When you break atom-typescript during development

This shouldn't happen as long as you leave the atom-typescript window untouched and do testing in another atom instance. If you reload the atom-typescript window thinking its going to be stable but it turns out to be unstable do one of the following:

  • Discard the JavaScript changes that you think broke it and reload the atom instance.
  • Run grunt and leave it running to compile your atomts changes (as atomts is going to be out of order)
  • Open up the visual studio project (at your own risk, we do not keep this up to date!)

Architecture

We wrap the languageService + our custom languageServiceHost + projectFile into a Project (code in Project.ts in the lang folder). The functions that interact with this project are exposed from projectService (the query / response section). projectService is where you would add new features that interact with the language service. All this code is sync and can be tested / run on any node instance. Be careful not to leave console.log in this code (as we use stdio to make this code async) or use atom specific APIs (as it may not be in the UI thread).

We make this code async(and promise based) by:

  • Single line: (e.g. export var echo = childQuery(projectService.echo);) for every new call to get good compile time safety (see the code in parent.ts).

Additional Notes:

  • childQuery takes the signature of the sync function from projectService of the form Query->Response and automatically creates an async function of the form Query->Promise<Response>. The function body from projectService is not used, just the function name and the type information is.
  • We automatically add all functions exported from projectService in the list of functions that the child uses to respond to by name. (see code in child.ts). Here we are not concerned with the type information. Instead we will actively call the function added to responders by name.
  • We spawn a separate atom (or node on windows) instance and use ipc (see code in parent.ts). Also reason for not using WebWorkers.

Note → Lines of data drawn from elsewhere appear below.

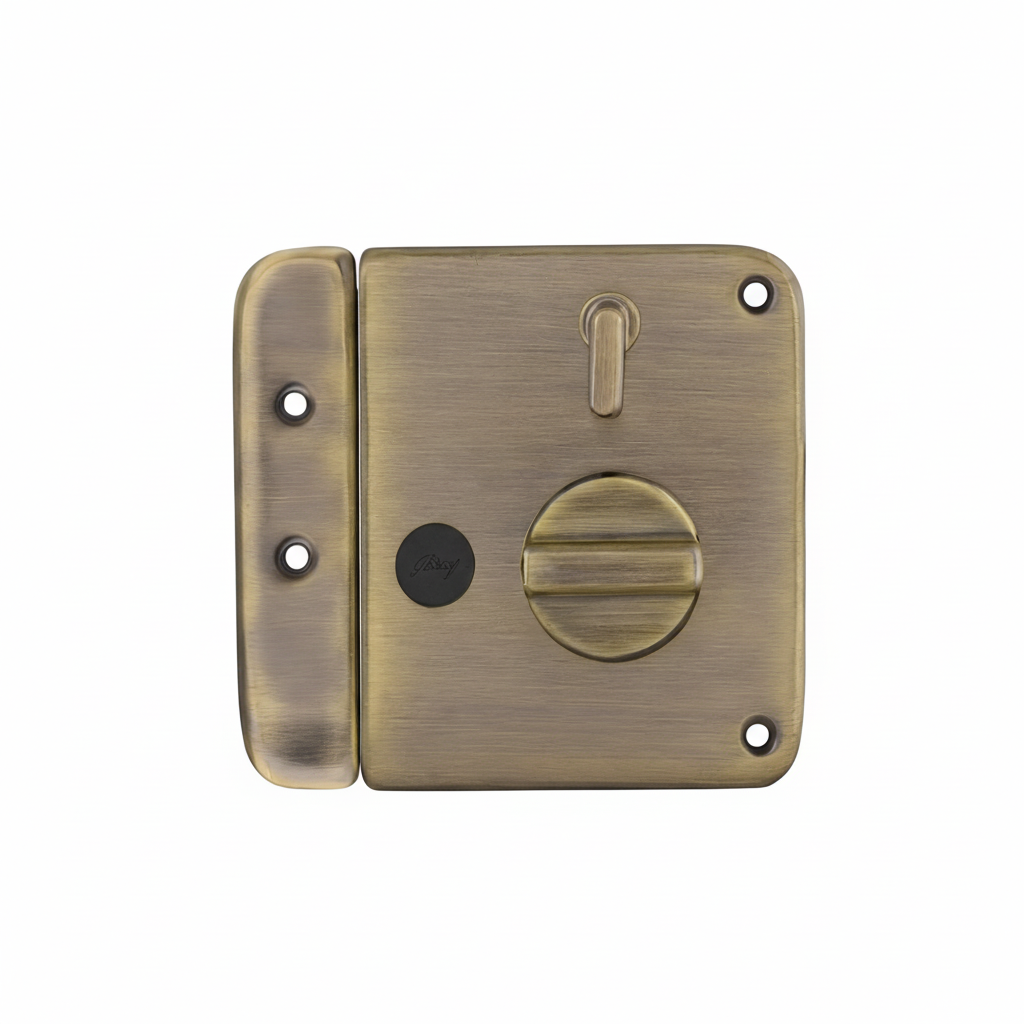 Godrej Tribolt Ultra XL+ | Satin and Antique Brass | 1CK Deadbolt Rim Lock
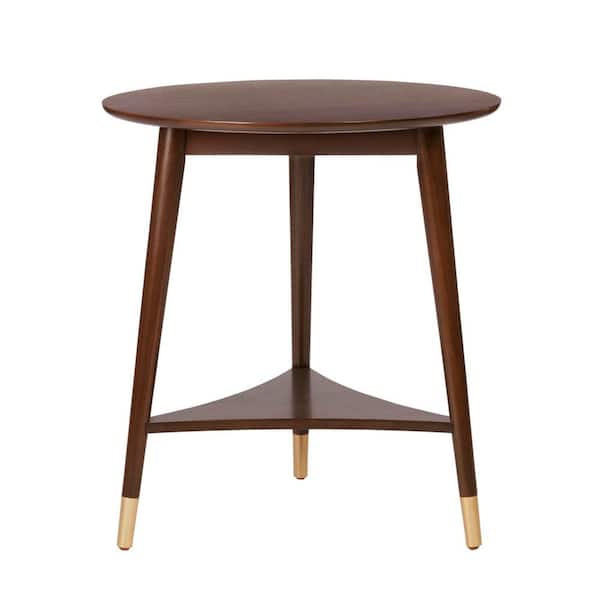 StyleWell Ramsey Round Sable Brown Wood End Table with Brass Caps (22 in. W x 24 in. H)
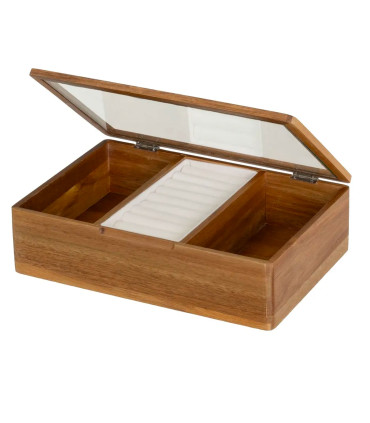 jewelery Box acacia wood and Glass 24x16x6.5cm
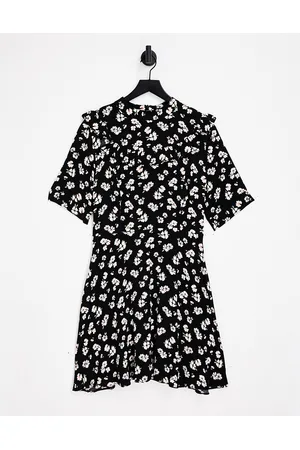 Liquorish Vestito corto con dettagli a volant nero a fiori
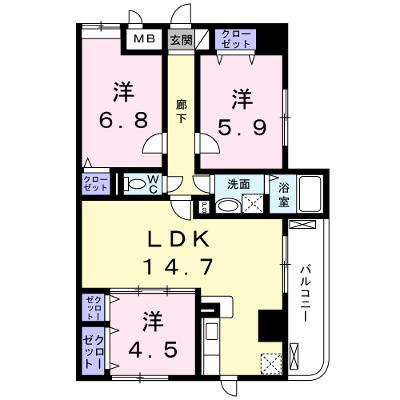 ディアコート　木太 901【管理NO：1-015141901-09010】 ★家具家電は申し込み後に搬入しますの物件画像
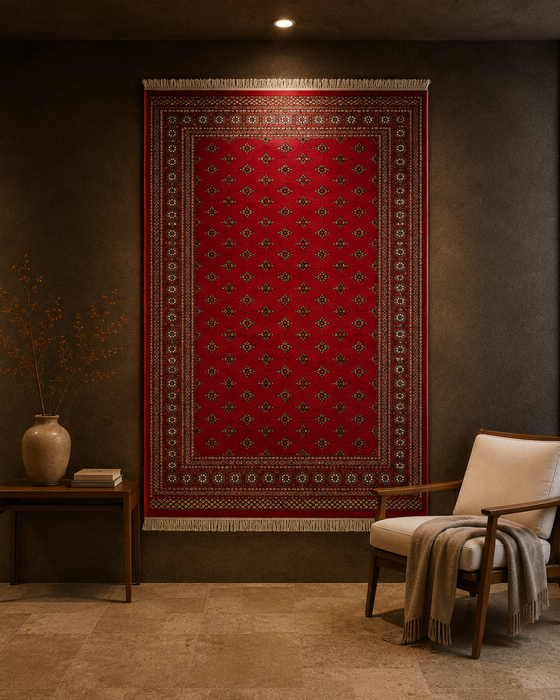 Hand-Knotted Pakistani Bokhara Rug – 100% Wool, size 8'2" x 9'7"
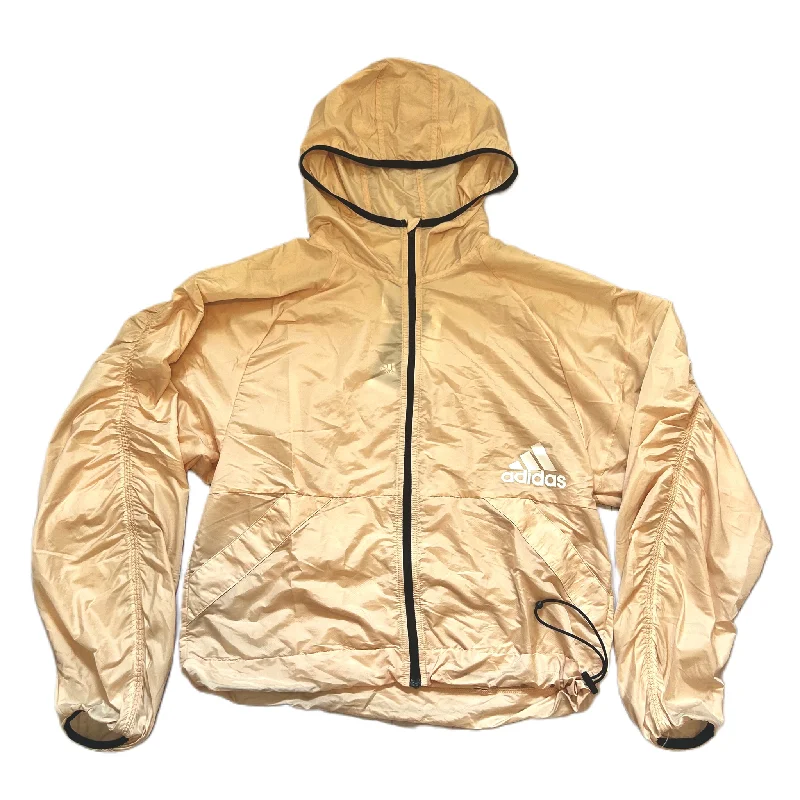 Big Discounts Athletic Jacket By Adidas In Black & Tan, Size: S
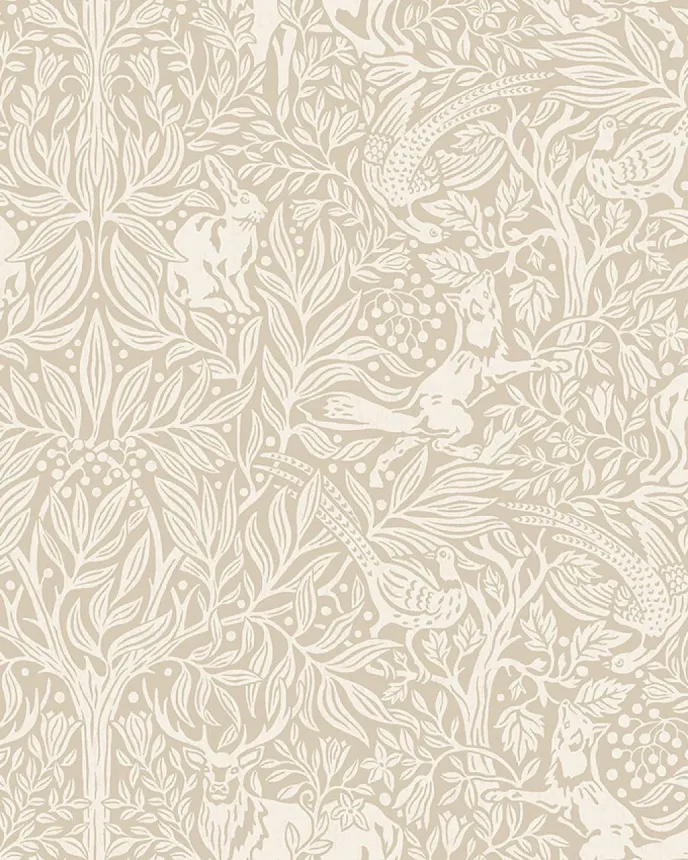 Wallpaper, beige, trees, leaves, animals, 4824, New Heritage, Borastapeter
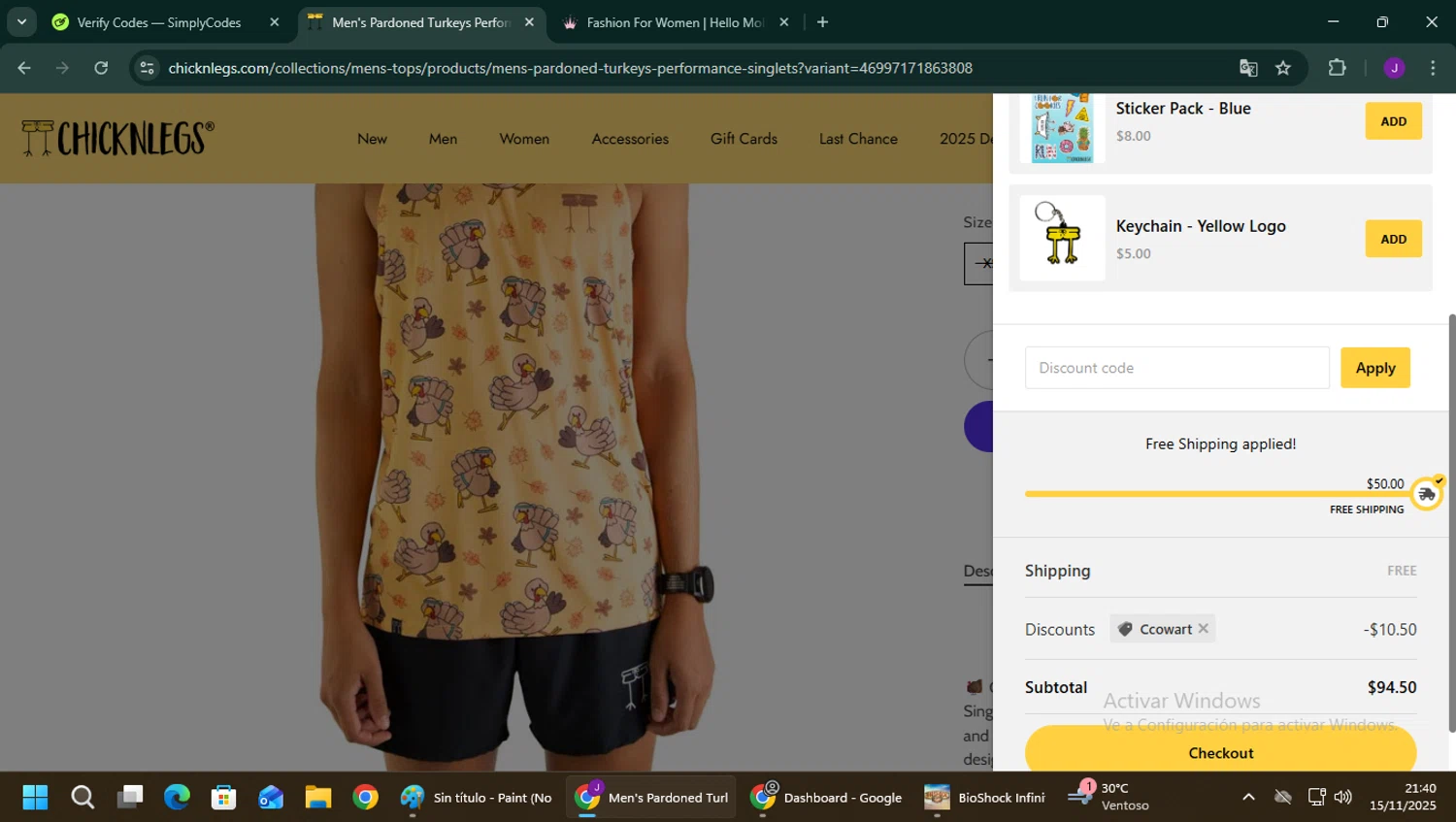 ChicknLegs discount code screenshot showing code Ccowart applied at ChicknLegs checkout page. Uploaded by SimplyCodes community member YutakaH0shin0 on Nov 15, 2025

Advantage: you only need to define the query/response interface once (in projectService.ts) and write it in a testable sync manner. The parent code is never out of sync from the function definition (thanks to childQuery). Adding new functions is done is a typesafe way as you would write any other sync function + additionally using only one additional line of code in parent.ts (childQuery).

Language Service Documentation

The TypeScript Language service docs: https://github.com/Microsoft/TypeScript/wiki/Using-the-Compiler-API

Showing errors in atom

Done using the linter plugin. If you think about it. TypeScript is really just a super powerful version of jshint and that is the reason to use linter for errors. Just look at linter.ts in our code.

Grammar

Please see https://github.com/TypeStrong/atom-typescript/tree/master/docs/grammar.md

QuickFix

The quickest way is to copy an existing one located in the quick fix directory. Copy one of these files into a new quick fix.

Quick fixes need to implement the QuickFix interface (code here).

Once you have the quickfix created just put it into the quickfix registry so that the infrastructure picks it up.

Additional Tips : One indespensible tool when creating a quick fix is the AST viewer which allows you to investigate the TypeScript language service view of the file.